Alas, the winery no long exists. Looking for wine at eStCru is like looking for children at a Minneapolis childcare center. The adverts are many, the reality as exiguous as was honor for Sir John Falstaff in Henry IV, Part 1: “What is honor? A word. What is in that word ‘honor?’ What is that ‘honor?’ Air. A trim reckoning.”
So it appears I am not going to be able to pay homage to Ilhan Omar, vintner. I am not even going to be able to say anything about wines from Omar’s native Somalia. There aren’t any. As a consolation prize, let me commend to your attention a couple of wines that at least hail from the same continent.
We last visited the wines of South Africa in July 2024. I said then that South Africa, notwithstanding common misconceptions, was now home to some of the best-value wines anywhere. That is still the case. In the earlier trip, I mentioned the 2021 “Elodie” from the “landscape series” of the family-owned Gabriëlskloof winery (about $33), a crisp, subtle chenin blanc from the premier South African wine region of Walker’s Bay, about 50 miles southeast of Cape Town.
Let me now mention another wine from Gabriëlskloof, the 2023 “Whole Bunch” syrah, a bright, clean, fruit-forward wine also from the Bot River ward. (“Bot,” incidentally, comes from the Afrikaans botter, meaning creamy, or full of butter.) The name of the wine is indicative of the process of its making.
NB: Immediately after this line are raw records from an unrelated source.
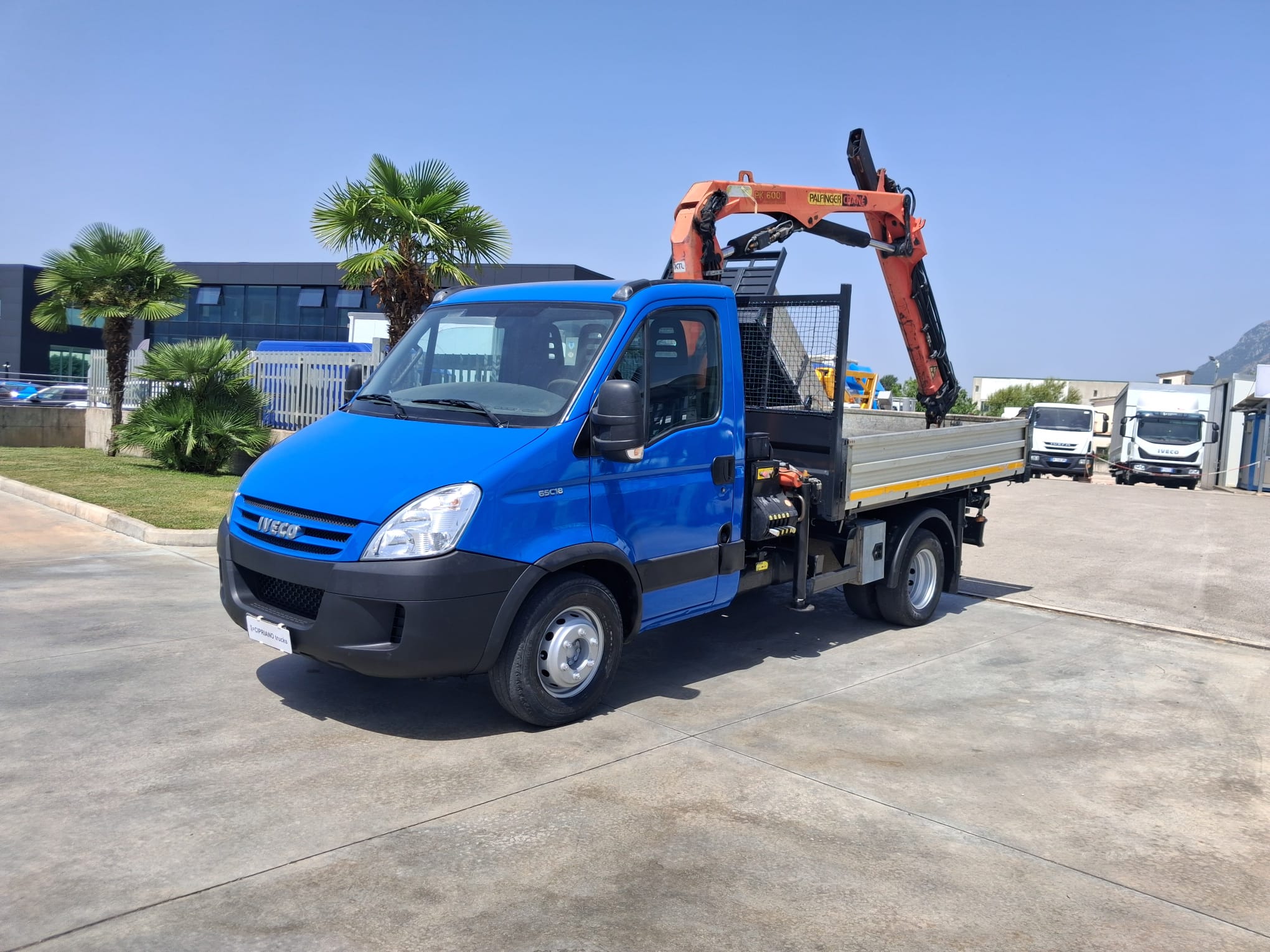 Iveco Daily 65c18 RIBALTABILE E GRU PALFINGER - immagine 22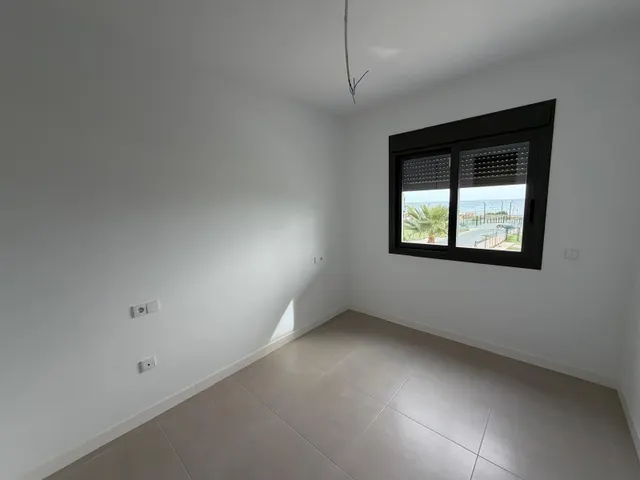 Piso con vista al Mar 300 m del mar. El residencial es el lugar perfecto para disfrutar de la vida frente al mar — 11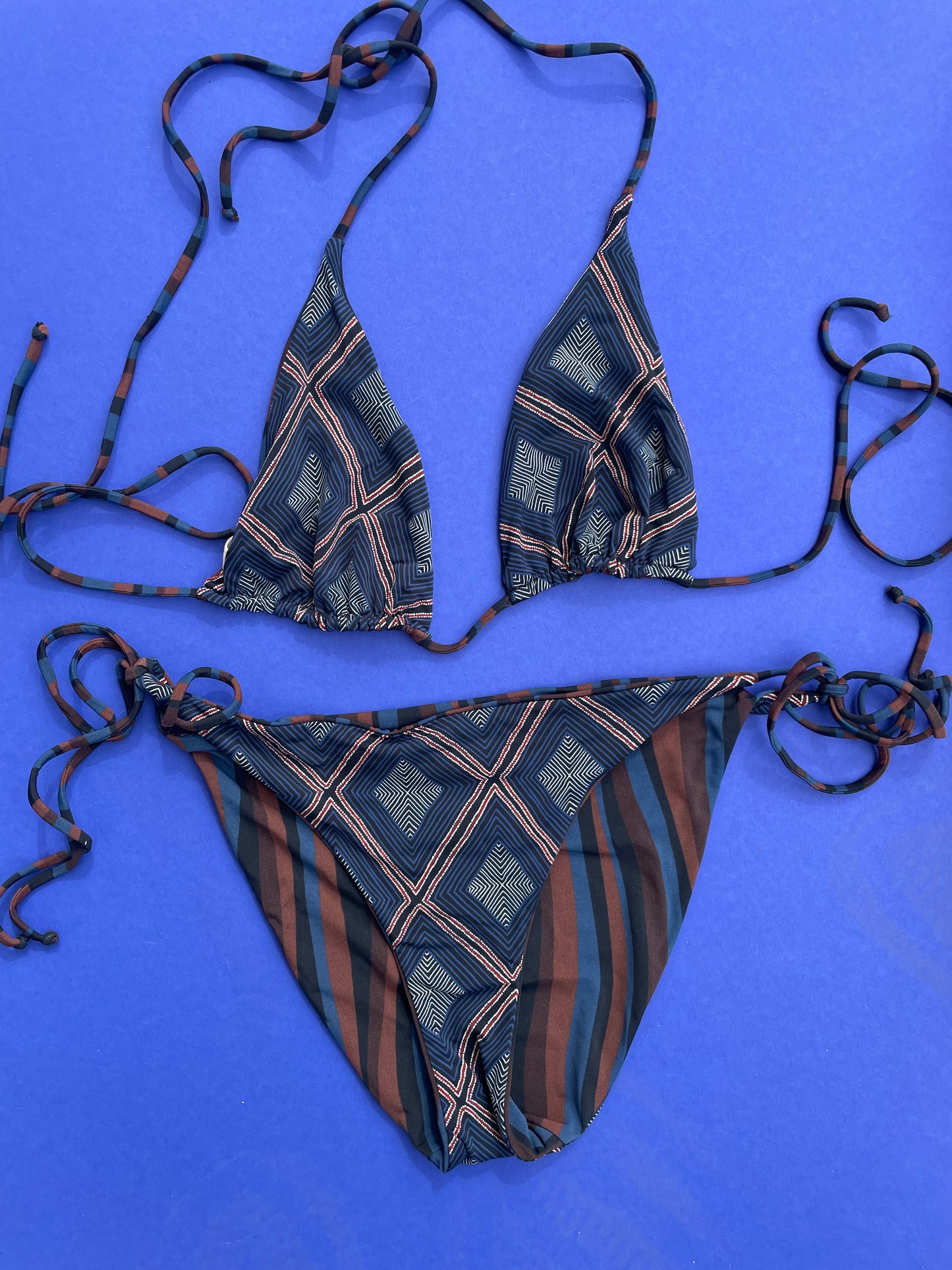 Siyu: Sound Reversible Triangle Bikini Top - Navy Multi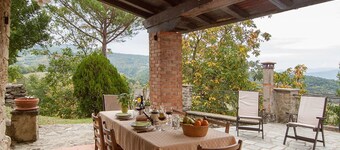 Geranei Haus mit Schwimmbad zwischen Florenz und by Interhome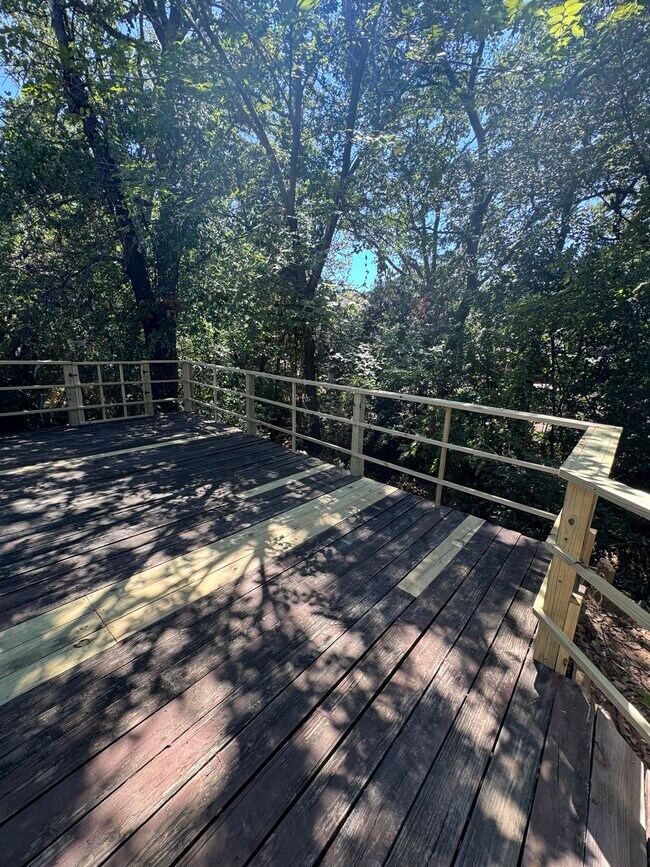 Foto del edificio - 5226 Bellefontaine Dr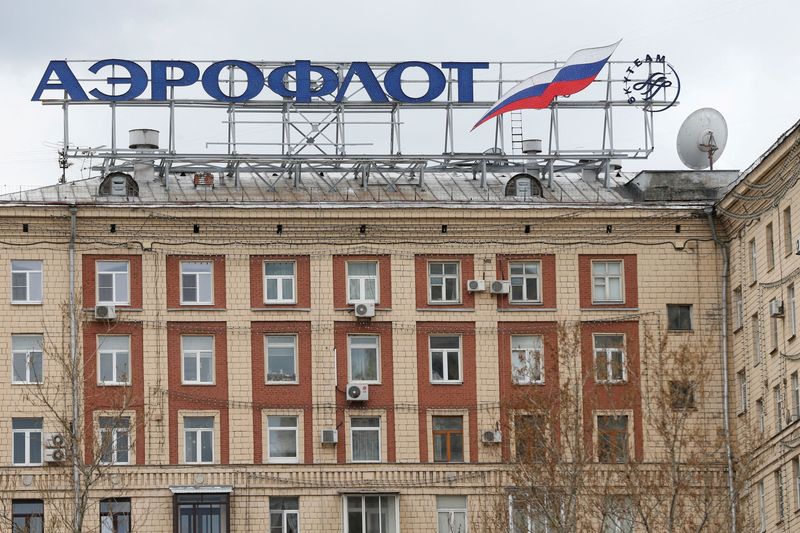 &copy; Reuters. شعار شركة الطيران الروسية إيروفلوت على على مبنى في موسكو في صورة من أرشيف رويترز. 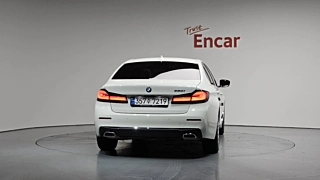 BMW 5-SERIES G30 2022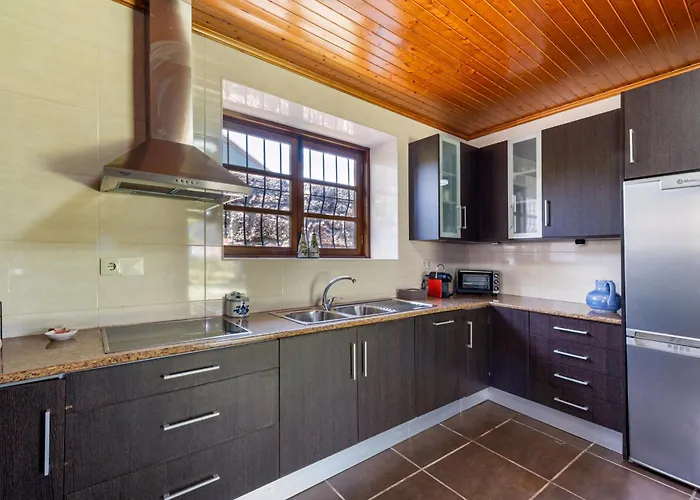 Martim With Pool & Big Garden Near Braga By Se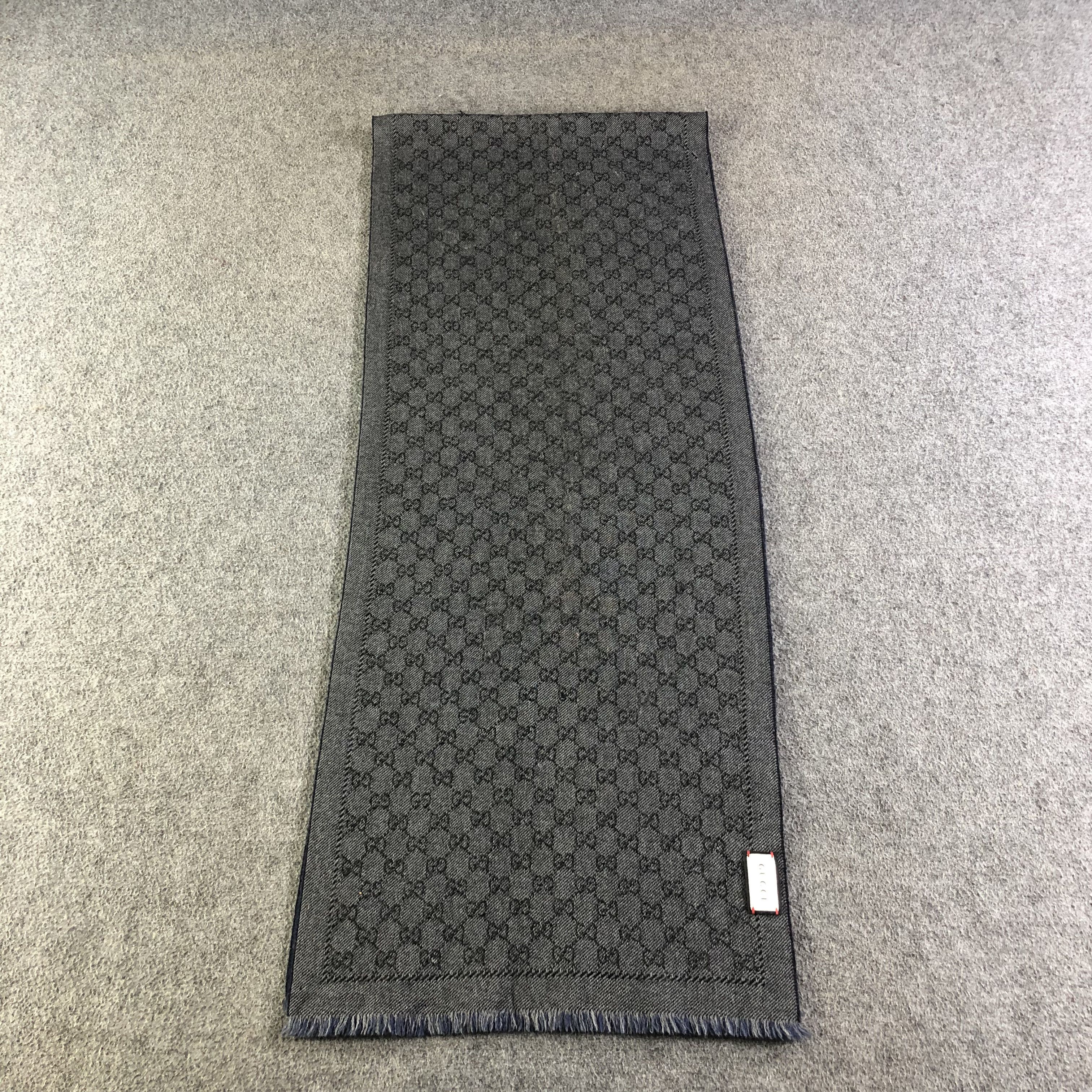 Gucci Gucci Monogram GG Full Print Wool Scarf Muffler V2628 Size ONE SIZE - 2 Thumbnail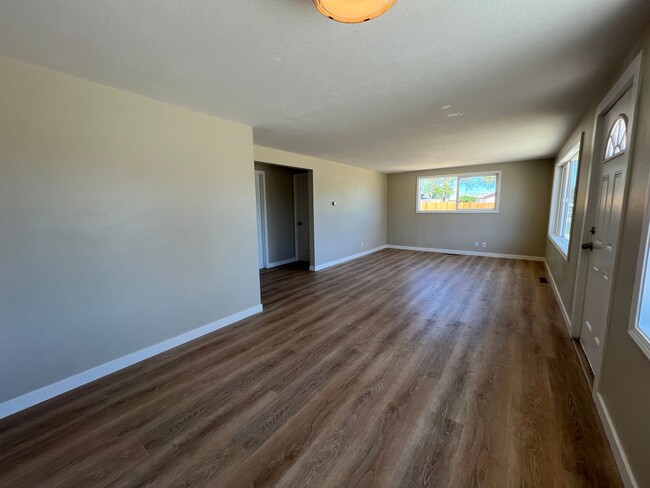 Building Photo - Freshly Remodeled Single-Family Home with ...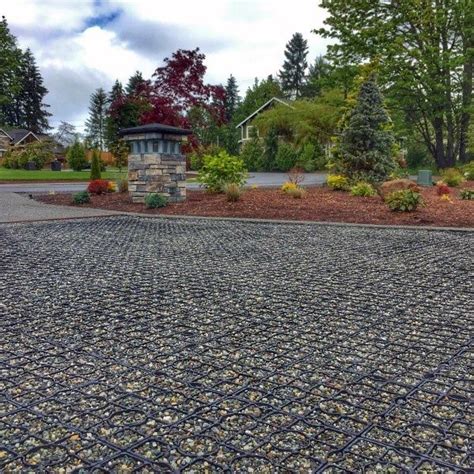 Top 60 Best Gravel Driveway Ideas - Curb Appeal Designs | Driveway design, Gravel landscaping ...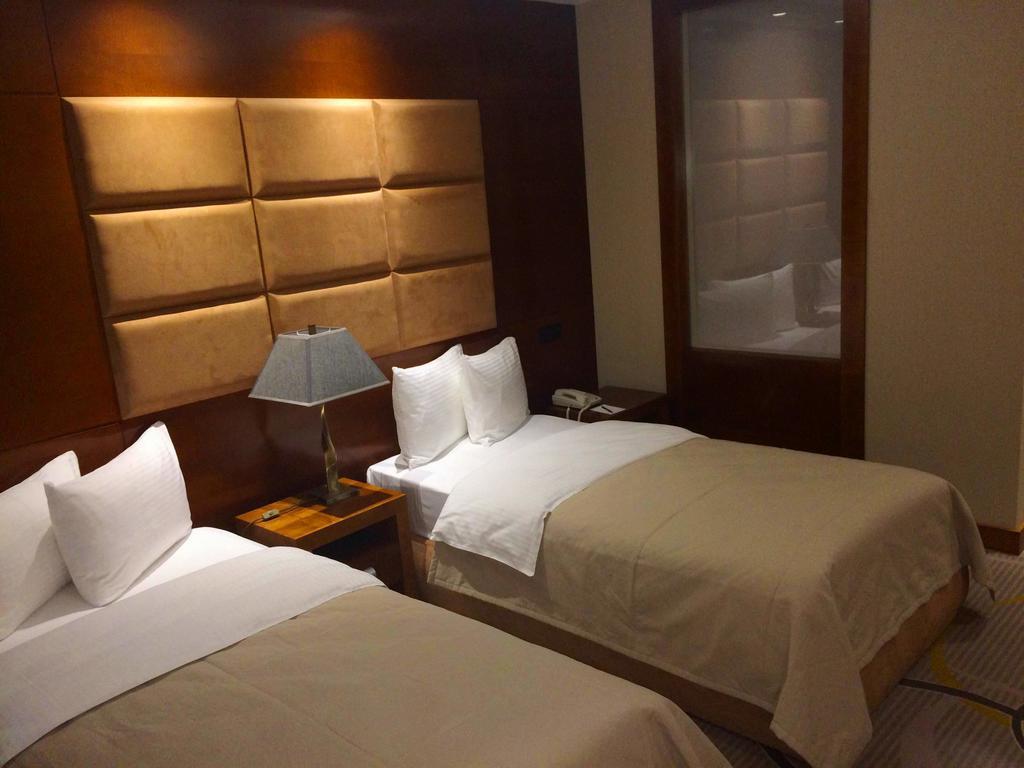 Royal Plaza Hotel And Casino カプチャゲイ 部屋 写真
The handpicked fruit that goes into this cheery wine is lightly crushed and whole-bunch fermented for about ten days before aging in a combination of steel tanks and old oak barrels. Tasting notes mention sour fig, dark chocolate and wet earth on the nose and a kaleidoscope of blueberry, black cherry, clove, salted licorice and cured meats on the palate. I got three out of five. The bottom line is that this an easy-drinking, generous wine that is a steal at about $19.
Another new discovery was the 2022 chenin blanc-verdelho from Momento Wines. Chenin blanc is South Africa’s most widely planted white grape. Fans of Madeira will recognize verdelho; the grape gives its name to one of the four main types of Madeira. It is planted throughout Portugal and has found homes in Australia, Argentina and the Azores. I do not believe that a country must start with the letter “A” in order to feature the grape, though the fact that we now find it in the southeastern part of Africa does make one wonder.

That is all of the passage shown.